The new bankruptcy legislation does not directly apply to banks and other credit institutions. They are covered by a different code, the Law on Insolvency of Credit Institutions. This is presently in draft form awaiting formal parliamentary approval. One of the principal differences between this legislation and the law that applies to corporates, is that commencement of the bankruptcy proceedings must be initiated by Russia's Central Bank and cannot be initiated by a creditor.
Russia and the foreign banking community is unsure what the effect of the 90-day moratorium will be and whether formal insolvency (in conjunction with the rescheduling of foreign debt) is inevitable. The only certainties are that a number of Russian banks were, prior to the crisis, severely undercapitalised and that the devaluation has exposed weaknesses in the domestic banking system and the fragility of Russia's market economy.
Various lenders and investors in Russia may take very different attitudes to the present problem. The financial institutions expecting repayments under loans and GKOs and other instruments will be concerned about the restructuring package which is yet to be presented to them.
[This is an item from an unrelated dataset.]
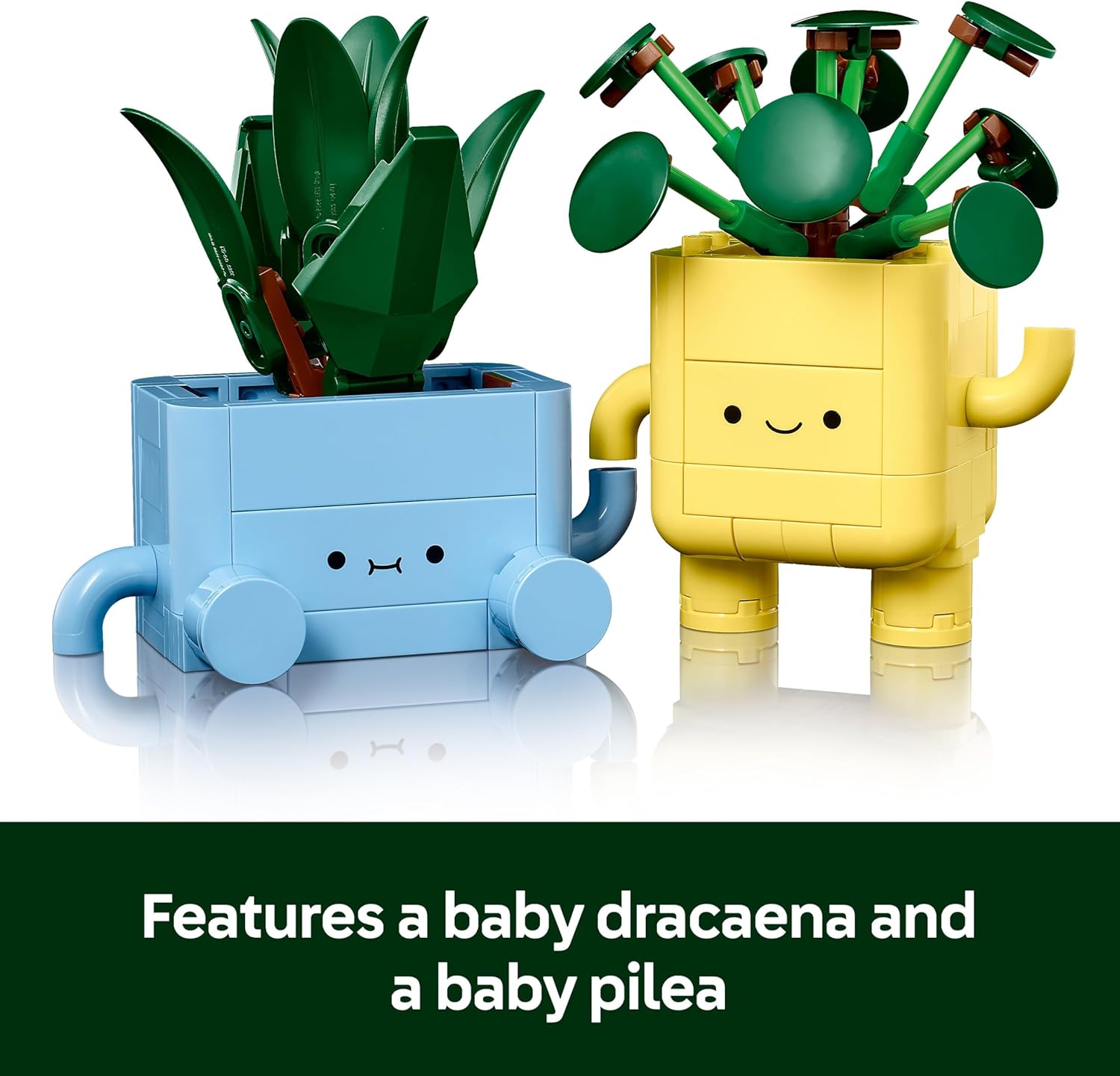 cartoon face flower pot lego happy plants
Those financial institutions dealing in futures contracts are likewise concerned, because the Moscow foreign exchange market has apparently used the confusion to avoid paying up margin calls on contracts.
In the oil and gas sector, where there are large, ongoing projects, investors are likely to take the view that this is a short-term crisis and that it will not affect their long-term interests in the region or the viability of their projects.
Because there are concerns about a global financial crisis, those firms best placed - regionally and internationally - to offer restructuring advice are likely to be taxed with finding inventive solutions to what may otherwise be intractable problems.